Bill Belichick on "Overachievement"

During one of my recent appearances on Eddie King's Betus.com radio show I discussed my predictions for the current NBA season and which teams are doing better or worse than I expected. Chicago and Seattle made the playoffs last year but I said that, while I don't like the term "overachieve," I thought that those teams would find it difficult to sustain the success that they had in 2004-05. Overachievement means to exceed expectations but wouldn't a more accurate--if less grammatical--description be "underprediction"? Chicago and Seattle were fully capable all along of making the playoffs in 2004-05 but many analysts were not able to foresee this.

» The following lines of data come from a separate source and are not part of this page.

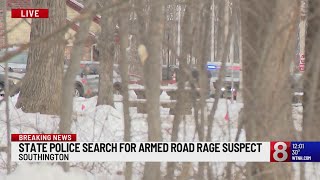 Search on in Southington for suspect involved in armed road rage incident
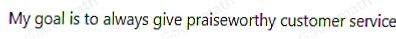 Customer: "Your customer service today has been admirable." I am sorry you were dissatisfied with my customer service. My goal is to always give praiseworthy customer service. My goal is to always give consistent customer service. I am sorry I was speaking too loudly during our discussion. My goal is to always give quick customer service.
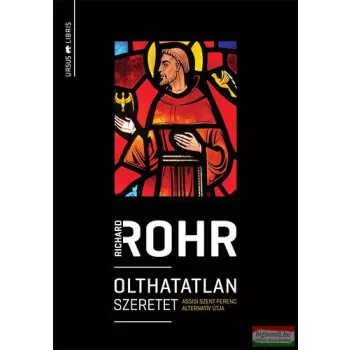   Richard Rohr - Olthatatlan szeretet - Assisi Szent Ferenc alternatív útja 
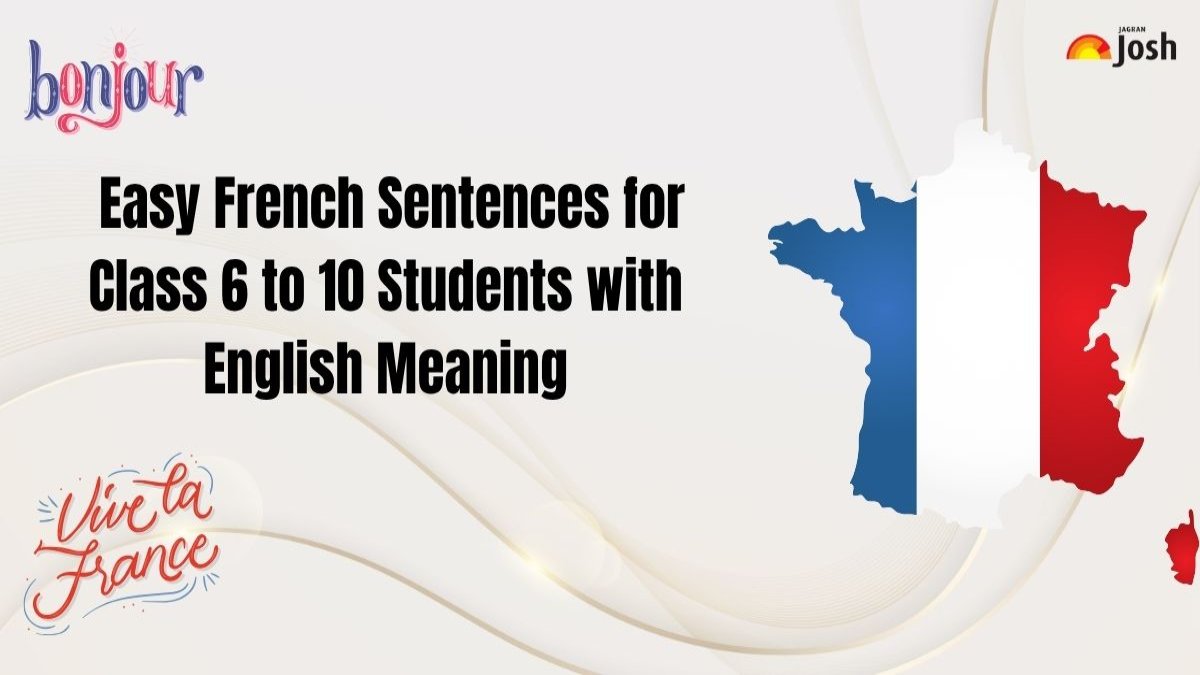 20+ Easy French Sentences for Class 6 to 10 Students with English Meaning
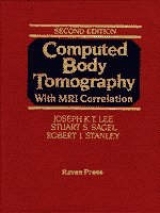 Computed Body Tomography with MRI Correlation - Lee, Joseph K.T.; Sagel, Stuart S.; Stanley, Robert J.; Heiken, Jay P.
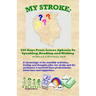 My Stroke: 450 Days From Severe Aphasia Speaking, Reading, and Writing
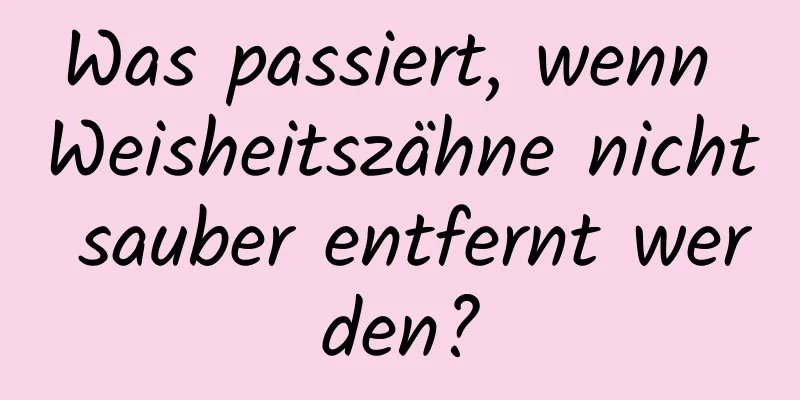 Was passiert, wenn Weisheitszähne nicht sauber entfernt werden?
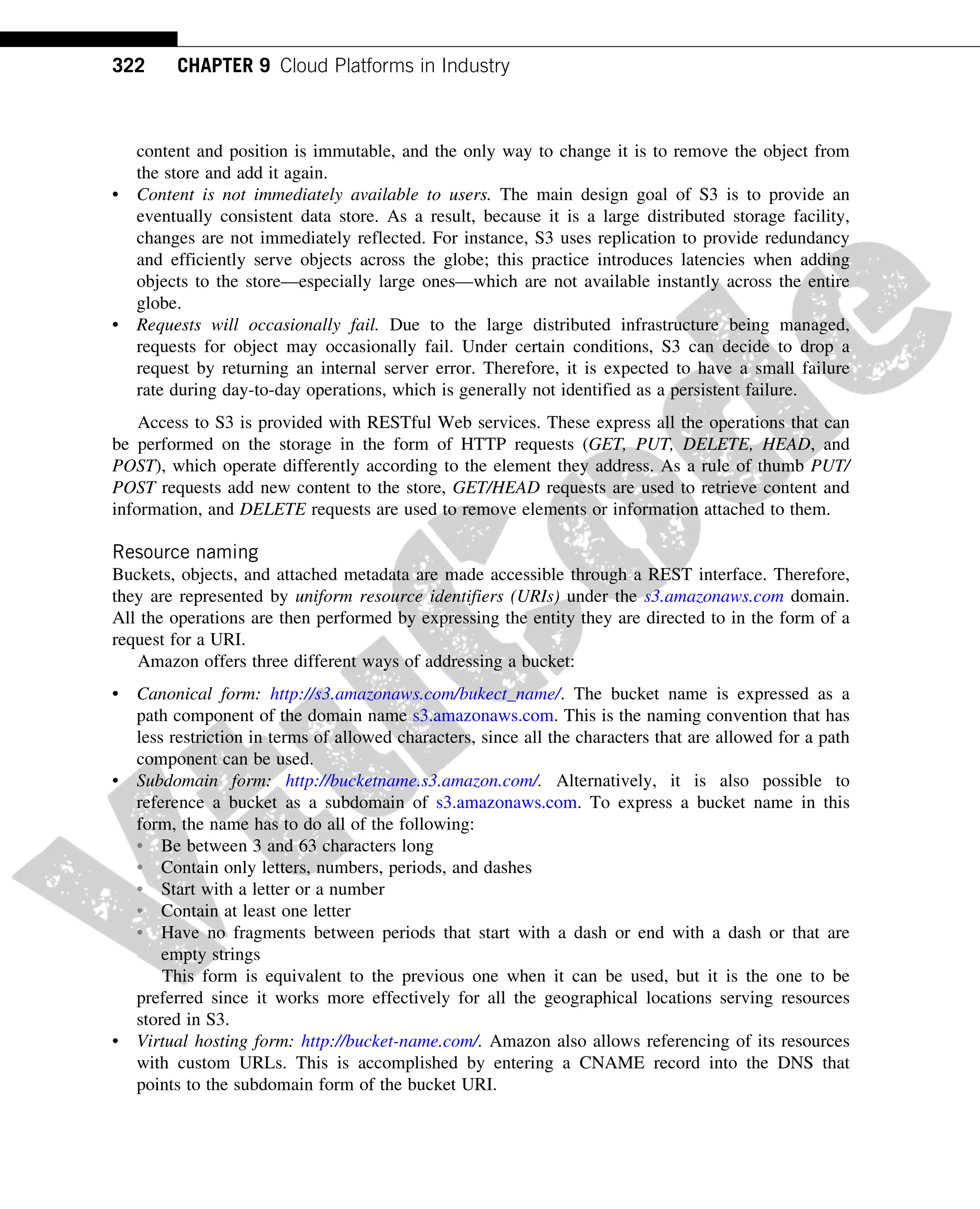 content and position is immutable, and the only way to change it is to remove the object from
the store and add it again.
• Content is not immediately available to users. The main design goal of S3 is to provide an
eventually consistent data store. As a result, because it is a large distributed storage facility,
changes are not immediately reflected. For instance, S3 uses replication to provide redundancy
and efficiently serve objects across the globe; this practice introduces latencies when adding
objects to the store—especially large ones—which are not available instantly across the entire
globe.
• Requests will occasionally fail. Due to the large distributed infrastructure being managed,
requests for object may occasionally fail. Under certain conditions, S3 can decide to drop a
request by returning an internal server error. Therefore, it is expected to have a small failure
rate during day-to-day operations, which is generally not identified as a persistent failure.
Access to S3 is provided with RESTful Web services. These express all the operations that can
be performed on the storage in the form of HTTP requests (GET, PUT, DELETE, HEAD, and
POST), which operate differently according to the element they address. As a rule of thumb PUT/
POST requests add new content to the store, GET/HEAD requests are used to retrieve content and
information, and DELETE requests are used to remove elements or information attached to them.
Resource naming
Buckets, objects, and attached metadata are made accessible through a REST interface. Therefore,
they are represented by uniform resource identifiers (URIs) under the s3.amazonaws.com domain.
All the operations are then performed by expressing the entity they are directed to in the form of a
request for a URI.
Amazon offers three different ways of addressing a bucket:
• Canonical form: http://s3.amazonaws.com/bukect_name/. The bucket name is expressed as a
path component of the domain name s3.amazonaws.com. This is the naming convention that has
less restriction in terms of allowed characters, since all the characters that are allowed for a path
component can be used.
• Subdomain form: http://bucketname.s3.amazon.com/. Alternatively, it is also possible to
reference a bucket as a subdomain of s3.amazonaws.com. To express a bucket name in this
form, the name has to do all of the following:
• Be between 3 and 63 characters long
• Contain only letters, numbers, periods, and dashes
• Start with a letter or a number
• Contain at least one letter
• Have no fragments between periods that start with a dash or end with a dash or that are
empty strings
This form is equivalent to the previous one when it can be used, but it is the one to be
preferred since it works more effectively for all the geographical locations serving resources
stored in S3.
• Virtual hosting form: http://bucket-name.com/. Amazon also allows referencing of its resources
with custom URLs. This is accomplished by entering a CNAME record into the DNS that
points to the subdomain form of the bucket URI.
322 CHAPTER 9 Cloud Platforms in Industry
 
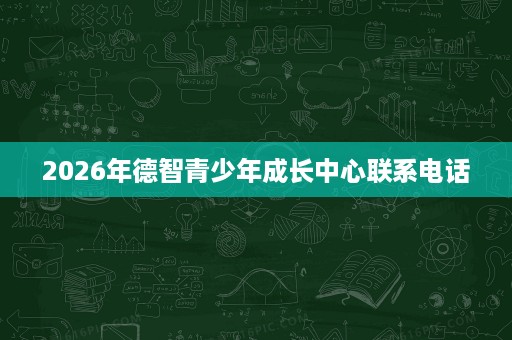 2026年德智青少年成长中心联系电话 2026年德智青少年成长中心联系电话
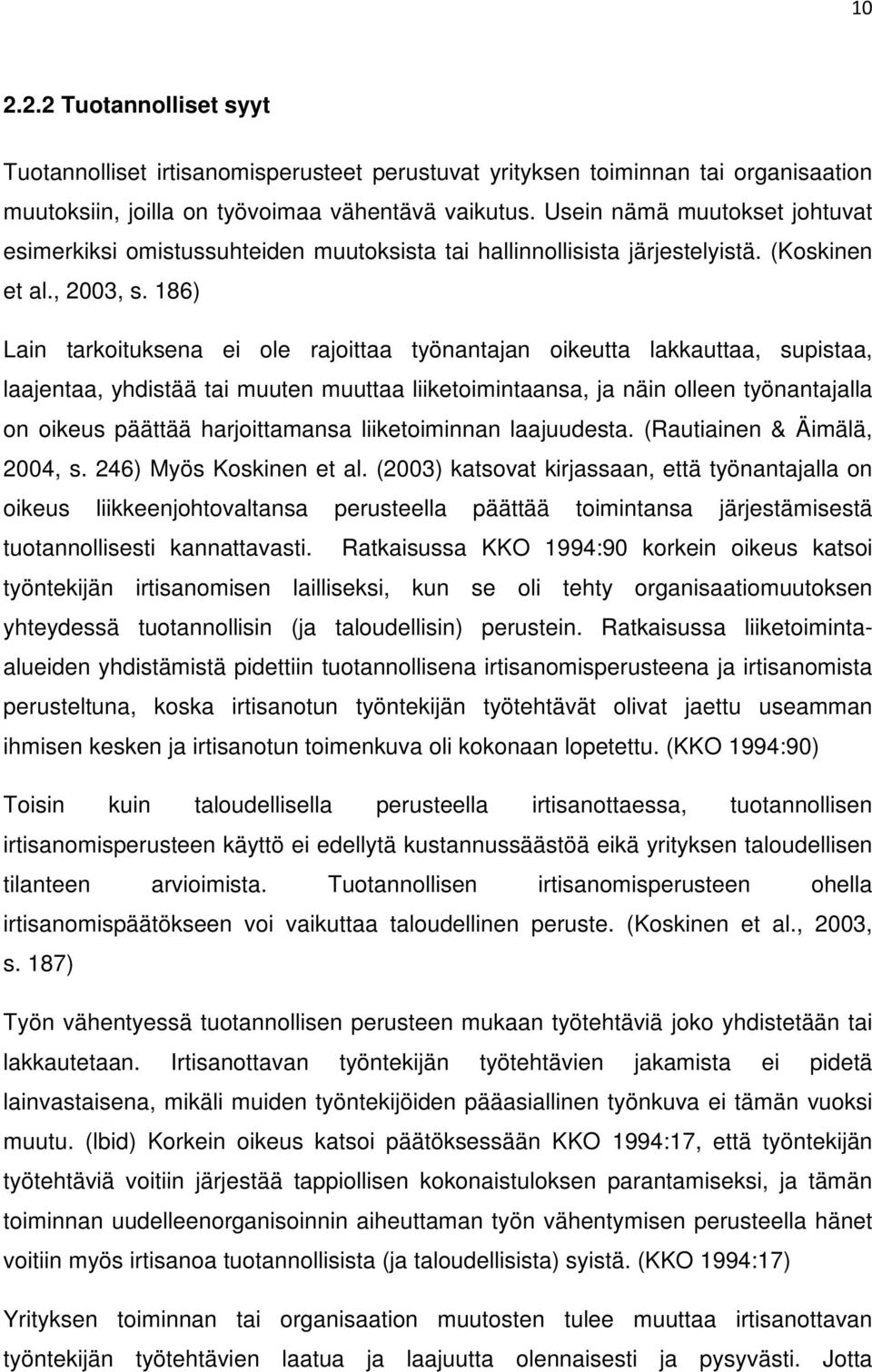 186) Lain tarkoituksena ei ole rajoittaa työnantajan oikeutta lakkauttaa, supistaa, laajentaa, yhdistää tai muuten muuttaa liiketoimintaansa, ja näin olleen työnantajalla on oikeus päättää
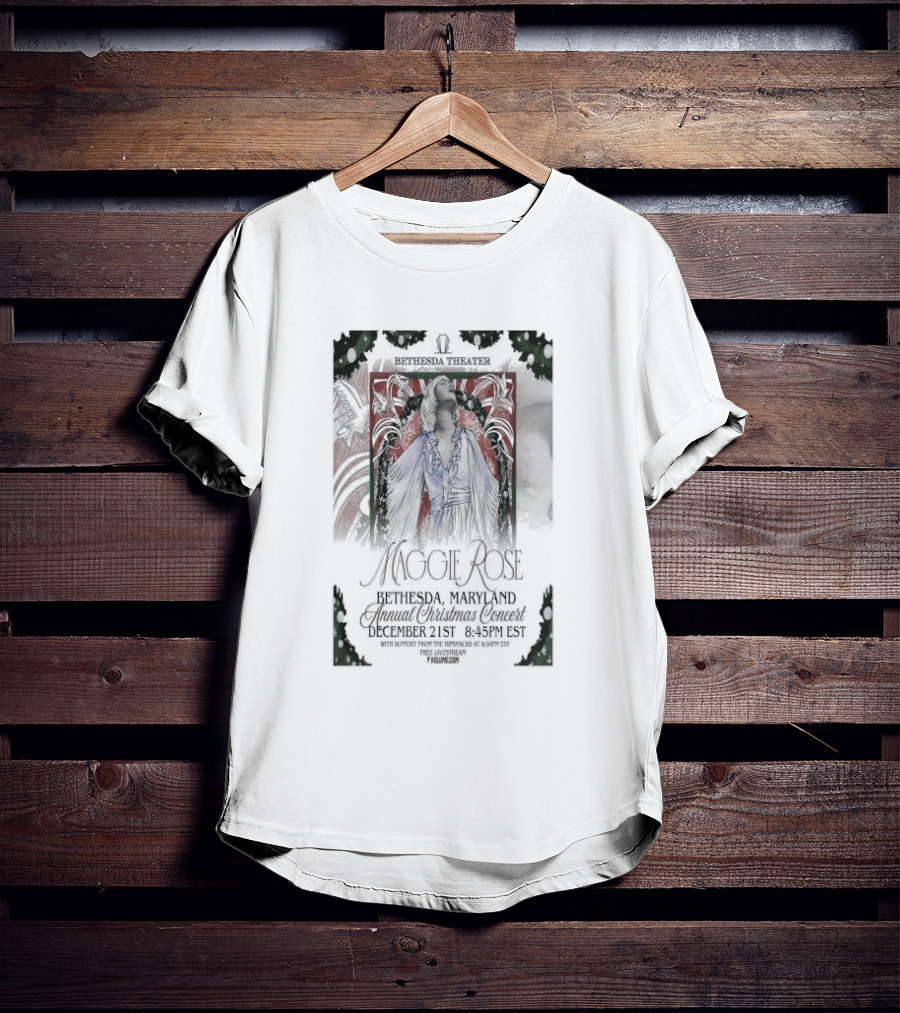 Bethesda Theater Maggie Rose Annual Christmas Concert December 21 Bethesda Maryland T-Shirt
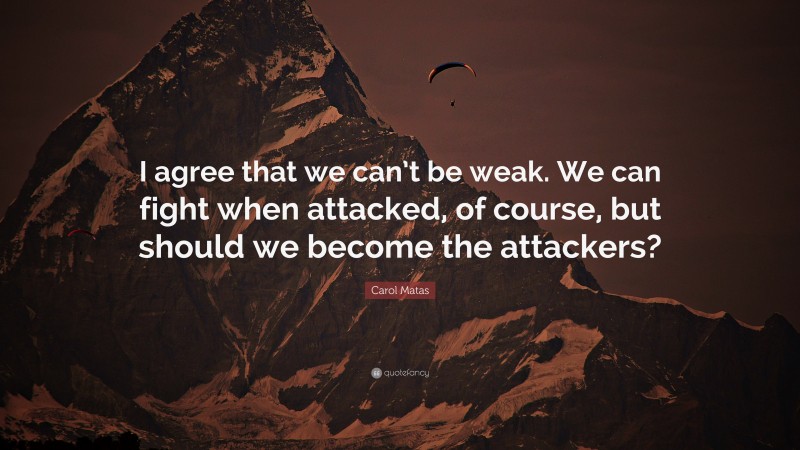 Carol Matas Quote: “I agree that we can’t be weak. We can fight when attacked, of course, but should we become the attackers?”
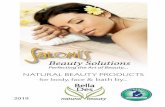 natural beauty products & bath bysalonisbeautysolutions.com/Catalog - retail Saloni 2019.pdf · natural skin care. Since 2001, Desiree has been perfecting the Bella Des product line.
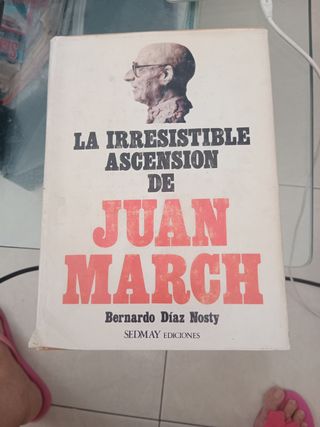La irresistible ascensión de Juan March: Notas...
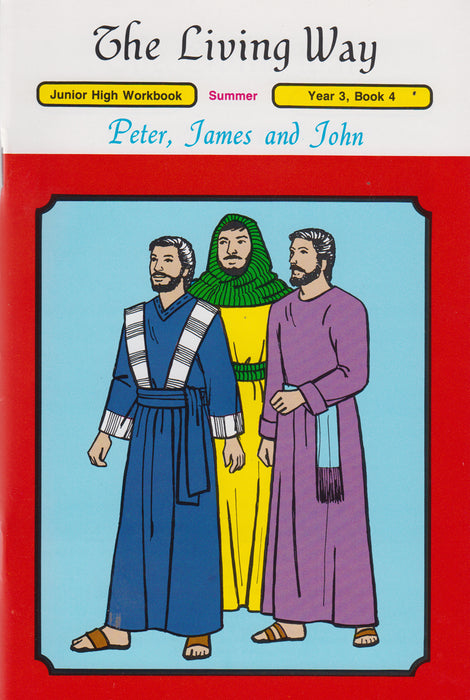 JUNIOR HI 3-4 ST - Peter - James - John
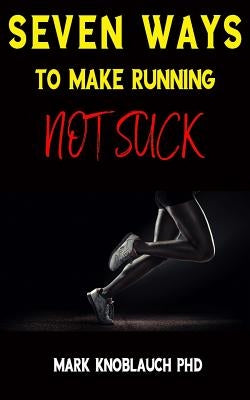Seven Ways To Make Running Not Suck by Knoblauch Phd, Mark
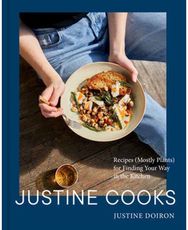 Justine Cooks: A Cookbook: Recipes (Mostly Plants) for Finding Your Way in the Kitchen Plants) for Finding Your Way in the Kitchen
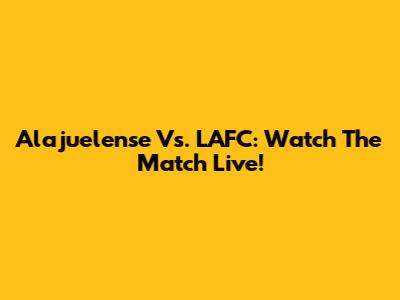 Alajuelense Vs. LAFC: Watch The Match Live!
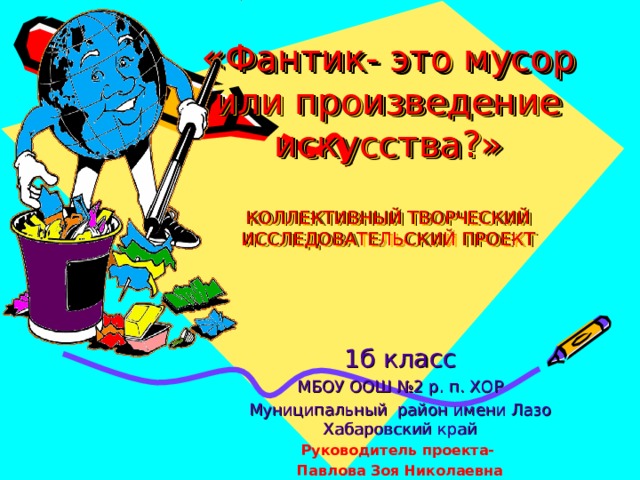 « Фантик- это мусор или произведение искусства?»   КОЛЛЕКТИВНЫЙ ТВОРЧЕСКИЙ ИССЛЕДОВАТЕЛЬСКИЙ ПРОЕКТ 1б класс МБОУ ООШ №2 р. п. ХОР Муниципальный район имени Лазо Хабаровский край Руководитель проекта- Павлова Зоя Николаевна   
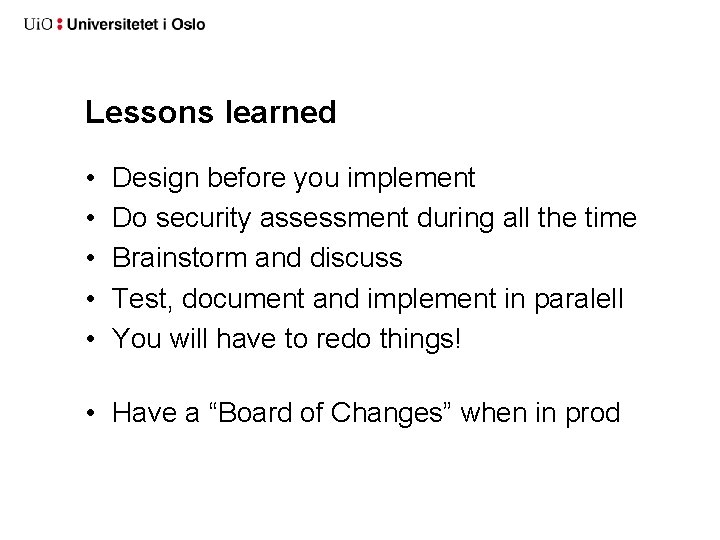 Lessons learned • • • Design before you implement Do security assessment during all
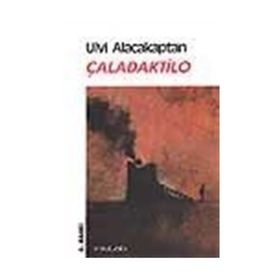 Çaladaktilo - Ulvi Alacakaptan
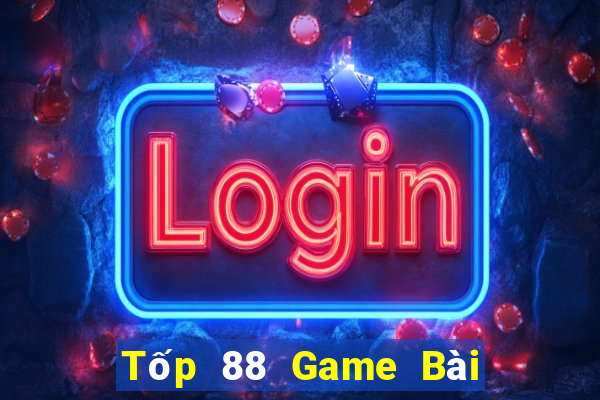 Tốp 88 Game Bài Tiền Thật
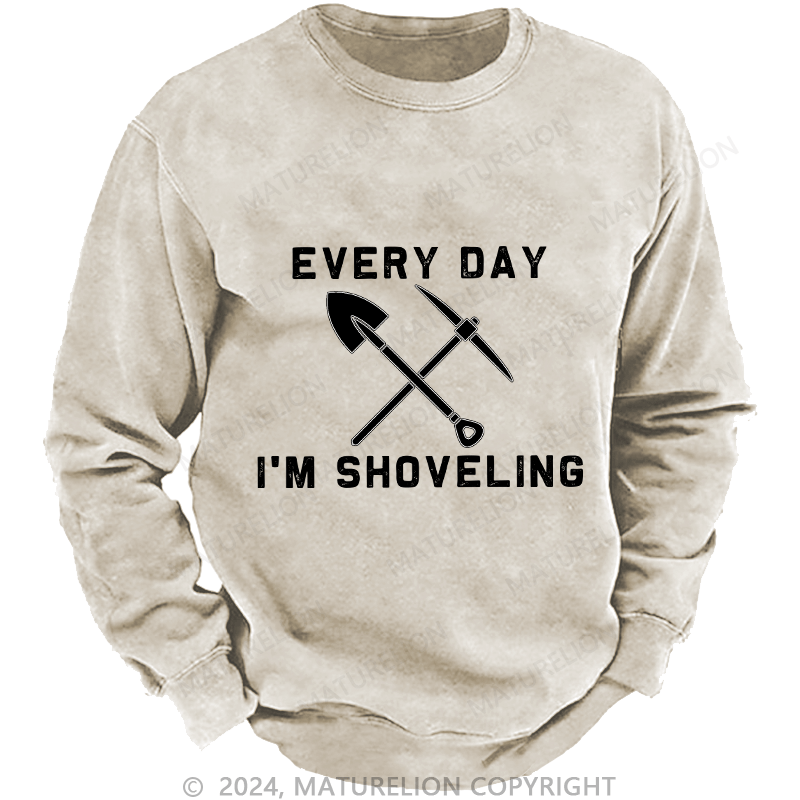 Maturelion Men's Sweatshirt Every Day I'M Shoveling Custom Washed Sweatshirt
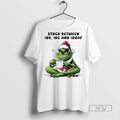 New Grinch Christmas Santa Stuck Between Idk Idc And Idgaf Tee Shirts Sweatshirt Hoodies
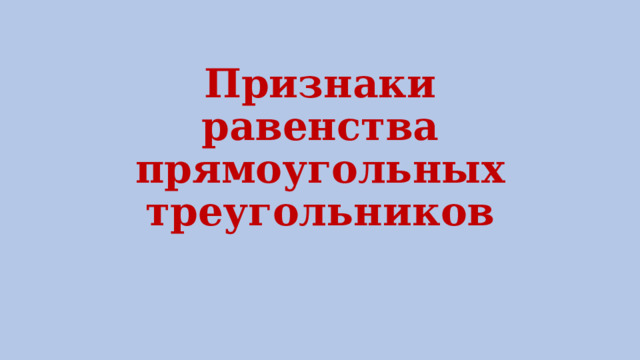 Признаки равенства прямоугольных треугольников 
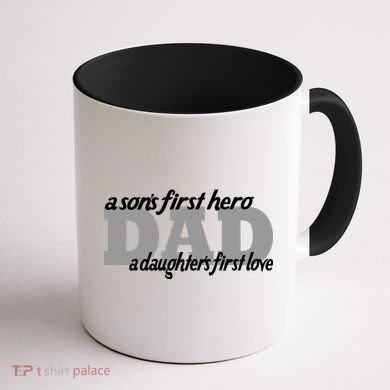 Son's First Hero Daughter's First Love Dad Coffee Mug back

I just found a great quote from New England Patriots Coach Bill Belichick on the subject of overachievement. He was responding to a question about his offensive line, but his ideas about coaching and performance apply beyond the realm of pro football:

"Any coach, whether it's high school, college, pro, whatever it is, any coach's job is to try to maximize the potential and the ability that a player has. I don't really understand the word overachiever. I don't really know what that means. To me, what everybody is trying to do is do their best. If somebody is doing their best, I don't see why that really should be regarded as something that they shouldn't be able to achieve. Frankly, that's what they should be able to achieve. It's the ones that don't, to a degree, nobody is ever perfect, so in a way everybody is an underachiever, even some of the highest achievers. Every quarterback has thrown an interception. Every running back has fumbled. Every receiver has dropped a pass. So, it's never going to be perfect. But I really think that’s a misnomer. I think what a coach tries to do is maximize the performance of his players within the team context. That's really what it's about. Anytime you have an offensive line, again, the context there is also of the entire unit. One guy could block great, but if it’s not coordinated and consistent with the other guys, then you’re not going to have any production and it isn’t going to be any good. All five guys have to function as a unit and function as one. That's where your production of that unit comes from."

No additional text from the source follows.